Man I want sand in my tank







Looks great!


----------



## Petzl88 (Feb 5, 2003)

That looks great! Keep us updated on how the maintenance is.

I'd throw a few rocks in there to mix it up if I were you. You know, make it look more natural.

Great job!


----------



## goldfishkiller (Mar 26, 2003)

I'd like to put some slate rock I have, but there're good size and I'm worried about the weight issue. I've already got 100 lbs of sand in there, and it's only a little 75gl tank.


----------



## JesseD (Mar 26, 2003)

i think that sand does look hella cool, but it seems too much work in the long run. as far as filters and powerheads go. just my opinion though. (ive never had sand in any of my tanks)


----------



## Death in #'s (Apr 29, 2003)

sand is really cool maybe next tank ill try that


----------



## scarfish (Apr 5, 2003)

Looks good! I've got a 75 with about 150 pounds of sand and about 70 pounds of rock and driftwood and I've had no problems. I've never had any sand get into my filter and I've had some rowdy fish in there. IMO sand looks 100% better than gravel, it's also way cheaper.


----------



## GARGOYLE (Feb 12, 2003)

Sand looks great. I might try it on a smaller tank before I do it on my big ones.


----------



## pcrose (Mar 9, 2003)

Cool you even have shrimp in there


----------



## Seifer (Apr 10, 2003)

ive got black sand in my tank.. looks great! i love it.

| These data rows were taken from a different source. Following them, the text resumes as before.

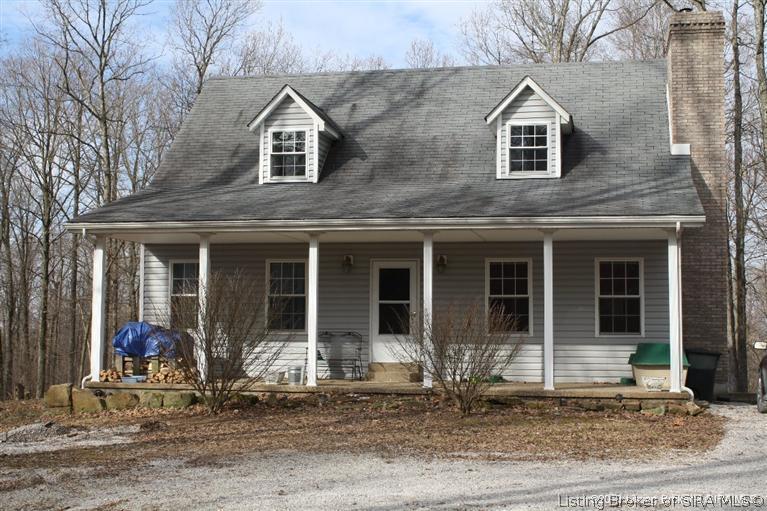 24895 Osgood Road St. Croix, IN 47576 - Photo 1 of 25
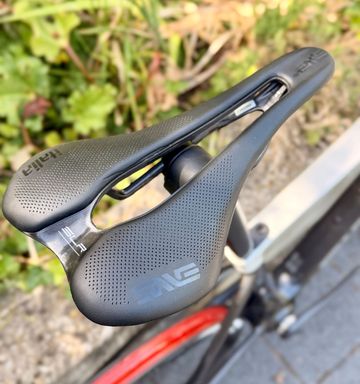 Gebrauchtes Enve Bikes Custom Frameset 2026 Road & Gravel, Weiß — Bild 7 von 8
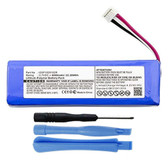 GSP1029102R Battery for JBL Charge 2+ and Charge 3(2015) Speaker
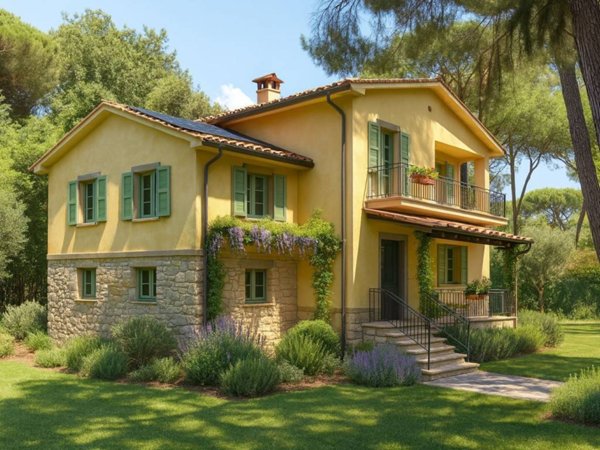 casa indipendente in vendita a Massa in zona Marina di Massa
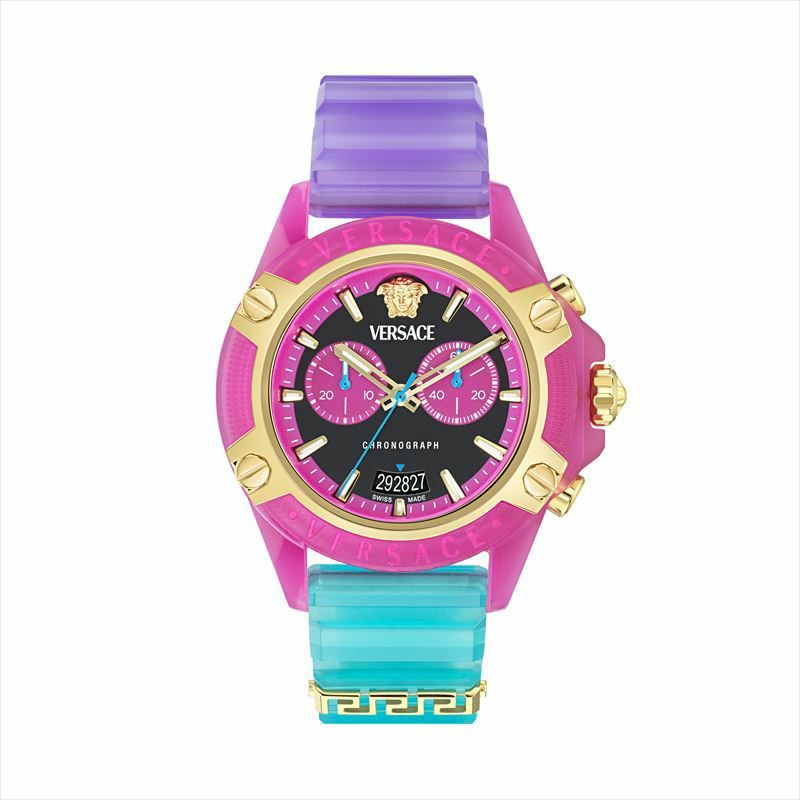 Versace  ICON ACTIVE ヴェルサーチェ アイコン アクティブ  / VE8P00424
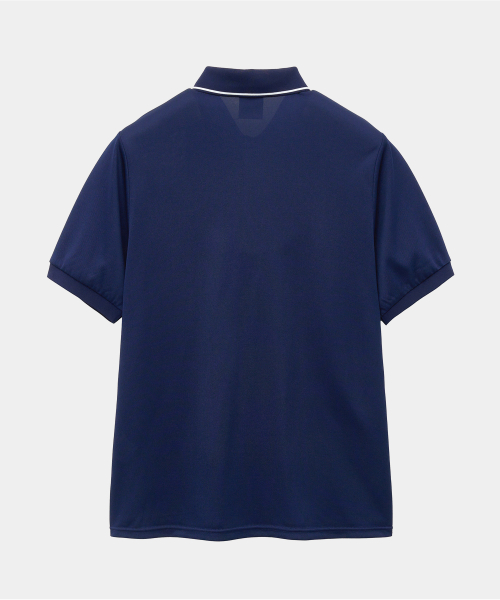 RESORT BASIC POLO NAVY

ill post some pics eventually. i have white flat limestone rocks and some live plants too.. the combo looks really good imo.


----------



## Seifer (Apr 10, 2003)

here is my black sand tank, it has 3 baby terns, hiding under the rocks.


----------



## Atlanta Braves Baby! (Mar 12, 2003)

wow black sand looks really nice. I bet it costs alot though.


----------



## b_ack51 (Feb 11, 2003)

blacksand is about $20 for 20 lbs at petsmart. or you can go online and get it from bigals i think for $12.99 for 20lbs.... but then you have extra weight for shipping charges. it looks awesome. i have it in my tank, but my p's are 6+ so they do create a sandstorm...


----------



## Bcollins111900 (Feb 3, 2003)

I have ventured into a sand/gravel mix. I orginally had sand in the bottom of a tank for cycling, well got a very active rhom and wanted to put gravel in there so I got natural colored gravel and poured it right on top of the gravel. My plants have killer root depth and it looks great as well as it gives your substrate a more natural layered ground look.


----------



## Judazzz (Jan 13, 2003)

Very nice











I just bought some sand for my small tank I'm about to set up for a small gold spilo I'm hoping to get soon: these pics assure me I made the right decision









btw: what do you guys do with the sand before placing it in your tank (cleaning etc...)? Any tips?


----------



## MikeR (May 29, 2003)

I've been using sand in all of my tanks. The first one I switched to sand nearly 3 years ago. I have never had a problem and the plants love the fine substrate.


----------



## thePACK (Jan 3, 2003)

nice.... i wish i would ghave gone with sand myself...all well..next tank...but very nice indeed...by the way nice avatar...atomic p


----------